Samples of big data on social media are made accessible to the public either in its original form
(data collected via Twitter public API) or in aggregate format (e.g., data from Google Trends).
Moreover, as explicated by Matthew Weber (2018), external parties also create accessible archives of
web data. However, the sampling, aggregation, and other transformation imposed on the released
data is a black box, which poses great challenges for communication researchers to evaluate the quality
and representativeness of the data and then assess the external validity of their findings derived from
such data.
- Where possible datasets should be fully open and published on platforms such as dataverse,
where needed for privacy or copyright reasons the data should be securely stored but
accessible under clear conditions.
- Additionally, we should work with funding agencies and data providers such as newspaper
publishers and social media platforms to make standardized data sets available for all
researchers
Is “big” data always a good idea?
Do communication researchers need to bother with small-sample survey data when it is easy and
cheap to get “big data” from social media? Big data, however, is not a panacea for all methodological
problems in empirical research, and it has its obvious limitations despite its widely touted advantages.

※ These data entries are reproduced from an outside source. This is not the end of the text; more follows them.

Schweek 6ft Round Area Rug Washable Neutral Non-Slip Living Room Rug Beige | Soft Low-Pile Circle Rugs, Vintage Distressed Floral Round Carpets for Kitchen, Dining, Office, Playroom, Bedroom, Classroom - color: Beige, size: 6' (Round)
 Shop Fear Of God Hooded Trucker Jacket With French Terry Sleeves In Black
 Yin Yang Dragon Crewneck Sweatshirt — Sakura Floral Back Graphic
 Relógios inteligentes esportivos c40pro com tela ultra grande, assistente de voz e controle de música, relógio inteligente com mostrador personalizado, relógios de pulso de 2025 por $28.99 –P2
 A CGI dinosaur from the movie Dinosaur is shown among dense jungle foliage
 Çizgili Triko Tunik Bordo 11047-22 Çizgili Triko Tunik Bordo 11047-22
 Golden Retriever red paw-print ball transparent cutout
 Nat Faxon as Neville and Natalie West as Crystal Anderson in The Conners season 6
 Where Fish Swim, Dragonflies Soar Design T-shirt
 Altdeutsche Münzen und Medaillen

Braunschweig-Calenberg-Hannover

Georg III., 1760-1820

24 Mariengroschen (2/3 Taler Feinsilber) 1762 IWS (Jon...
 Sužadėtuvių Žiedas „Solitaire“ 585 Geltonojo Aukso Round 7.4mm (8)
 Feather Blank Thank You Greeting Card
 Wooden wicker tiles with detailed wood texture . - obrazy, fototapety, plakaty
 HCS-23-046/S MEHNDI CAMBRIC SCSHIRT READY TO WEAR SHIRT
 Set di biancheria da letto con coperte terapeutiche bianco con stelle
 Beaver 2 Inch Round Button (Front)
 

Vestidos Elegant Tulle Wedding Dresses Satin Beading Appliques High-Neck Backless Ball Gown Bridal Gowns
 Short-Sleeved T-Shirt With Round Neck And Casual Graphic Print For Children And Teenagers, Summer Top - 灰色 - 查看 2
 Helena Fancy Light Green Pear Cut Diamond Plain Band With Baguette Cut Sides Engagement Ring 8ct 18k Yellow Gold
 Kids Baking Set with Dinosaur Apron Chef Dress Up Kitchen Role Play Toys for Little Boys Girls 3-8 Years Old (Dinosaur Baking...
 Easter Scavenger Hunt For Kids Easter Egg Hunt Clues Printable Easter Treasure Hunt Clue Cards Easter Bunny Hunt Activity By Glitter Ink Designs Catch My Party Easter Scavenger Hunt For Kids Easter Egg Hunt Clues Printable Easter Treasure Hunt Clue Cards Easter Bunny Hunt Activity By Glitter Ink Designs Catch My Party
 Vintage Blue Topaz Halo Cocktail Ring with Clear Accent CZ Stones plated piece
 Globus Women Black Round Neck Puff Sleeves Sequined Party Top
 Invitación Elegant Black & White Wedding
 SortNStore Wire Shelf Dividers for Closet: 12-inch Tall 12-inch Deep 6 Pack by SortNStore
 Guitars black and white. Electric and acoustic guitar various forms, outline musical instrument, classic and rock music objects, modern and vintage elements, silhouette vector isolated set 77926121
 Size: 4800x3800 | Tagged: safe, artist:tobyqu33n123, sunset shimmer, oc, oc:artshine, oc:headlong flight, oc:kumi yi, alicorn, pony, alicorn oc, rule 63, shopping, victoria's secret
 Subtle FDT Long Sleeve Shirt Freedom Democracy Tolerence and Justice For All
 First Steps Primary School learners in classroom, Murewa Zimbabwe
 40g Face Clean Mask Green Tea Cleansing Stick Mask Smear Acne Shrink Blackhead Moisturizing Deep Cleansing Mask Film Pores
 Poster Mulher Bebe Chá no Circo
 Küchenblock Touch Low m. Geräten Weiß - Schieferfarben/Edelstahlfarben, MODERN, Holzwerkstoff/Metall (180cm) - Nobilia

1. Big data is “found” while survey data is “made” (Taylor, 2013). Most of the big data are
secondary and intended for other primary uses most of which have little relevance to academic
research. The gap between the primary purpose intended for big data and the secondary
purpose found for big data will pose threat to the validity of design, measurement, and analysis
in computational communication research;
2. That data is “big” does not mean that it is representative for a certain population. People do
not randomly select into social media platforms, and very limited information is available for
communication researchers to assess the (un)representativeness of big data retrieved from
social media;
3. This also means that p-values are less meaningful as a measure of validity. Especially for very
large data sets, where representativeness and selection and measurement biases are a much
greater threat to validity than small sample sizes, p values are not a very meaningful indicator
of effect (Hofmann, 2015).
→So, focus on effect size and validity (by confidence intervals and using simulations or bootstrapping).